Alright, so today was my first day on the wards at CHUK (Teaching hospital of Kigali). I came in and went to morning report where the residents present each admission from the weekend and management plans are discussed. The faculty are present and challenge the residents to defend their actions from the weekend. It kind of reminds me of “chairman’s rounds” at my hospital. The residents are the bomb. Can’t stress that enough. They are clinically very good and surgically very strong. They do c-hysts by themselves (a very difficult hysterectomy after a cesarean section for various indications). Attendings aren’t even present. CRAY. They also are forced to manage very complicated medical problems from TB, to DVTs, and a lot of HIV anti-retro viral therapy. Also, everyone has GTN. I was very impressed. It’s not your bread and butter gynecology. It’s the crazy stuff you see maybe once in your career back home or that a consultant manages that they see and deal with regularly. So after they presented the admissions over the weekend and plans were ironed out, they presented the ICU patients, and discussed the 3 deaths over the weekend.

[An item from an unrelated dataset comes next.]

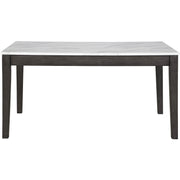 Luvoni White/Charcoal Rectangular Dining Table - bellafurnituretv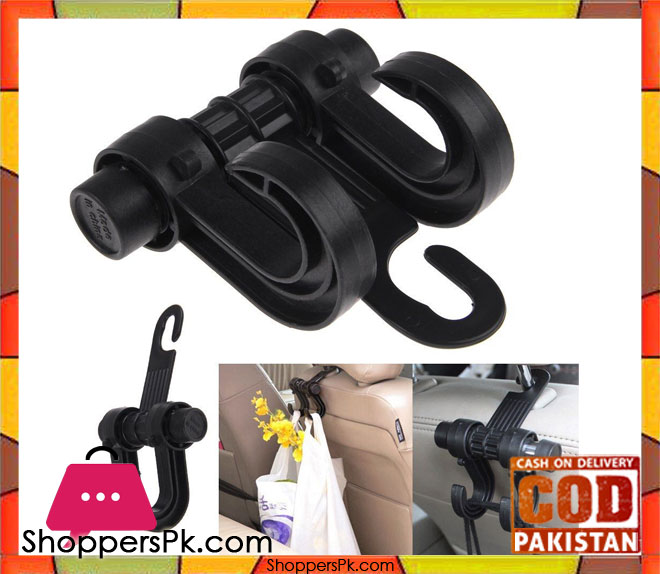 Car Back Seat Headrest Hooks Bag Cloth Organizer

I then started the morning with a tour by Liza. She’s the GYN ONC attending I mentioned earlier. She is still on faculty at Yale but has a contract through the HRH to come to this teaching hospital and do just that- teach. She is 100% here for the residents. She doesn’t have a clinic- her patients are resident patients. She does about 1 radical hysterectomy a week. THAT IS A LOT. There is a huge incidence of cervical cancer here. Naturally I have latched on to her and this is becoming a GYN ONC rotation. She’s exceptional. She essentially dropped her practice in the states to move to Rwanda and train the residents. Selfless much?

In any case after my grand tour of all the wards I waited to round with the GYN team. The wards are pretty standard with a few variations: wards 1-3 are Obstetrics – L&D, antepartum, postpartum. Of course there is a triage. Wards 4-6 are GYN. There’s also a special ward for “dirty wounds” so all the patients with wound complications and infections go there. There are 3 ORs. 1 for OB, another for GYN, and another for infected patients for wash outs etc.

I rounded with the residents and Liza on the GYN patients which was essentially an oncology service. Then the residents dispersed. I learned quite a bit about the healthcare system here- there is healthcare system that costs somewhere around US 35 dollars for a 4 person family and patients pay a 10% copay if they need a service. They can pay a little extra if they want to see a faculty attending. There were no cases so I read up on some of the patients and then went home to run some errands. One thing I love about Rwanda is that it is so incredibly safe. People say that all the time, but really- it is. I walked 30 mins to and from town to exchange money to pay back my beer tab and it was totally fine. Phone in hand walking down the street and not a single person bothered me. I exchanged some US dollars for Rwandan francs and bought some trinkets in the gift shop. Then I made the trek back home in the dark which went smoothly. I went back and paid my beer balance off with the lady next door, I tried to give her a little extra for her kindness but she insisted I give her only what is owed.